* SOURCE DATA *
+===+

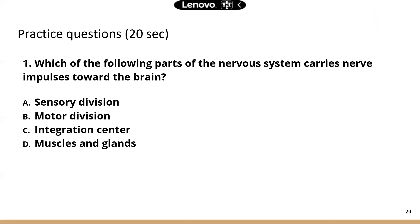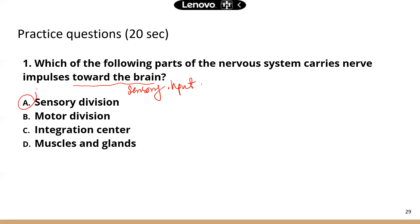Practice question: Which part of the nervous system carries nerve impulses toward the brain? That means it's sensory input going into the CNS, so the correct answer is A — the sensory division. Muscles or glands are effector organs part of the motor division, generating the response. The integration center refers to the CNS — the brain and spinal cord process the input, make a decision, and tell the motor division what to do.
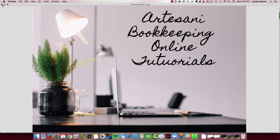Hi there, Linda Artesani, Artesani Bookkeeping. I wanted to go over how to fix a problem.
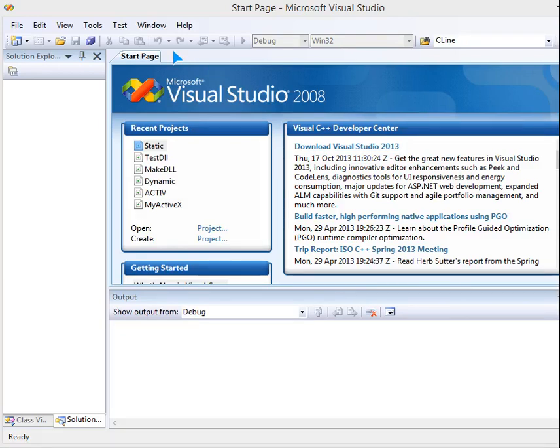So today we are going to look at the steps and the program for how to make a library file in Visual C++ Visual Studio 2008.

+===+

* DIRECTIONS FOR THIS TASK *
Once you find the line with "Hi there, Linda", restate it and every later line of the data word for word, excluding the pictures.

* SOLUTION BELOW *
Hi there, Linda Artesani, Artesani Bookkeeping. I wanted to go over how to fix a problem.
So today we are going to look at the steps and the program for how to make a library file in Visual C++ Visual Studio 2008.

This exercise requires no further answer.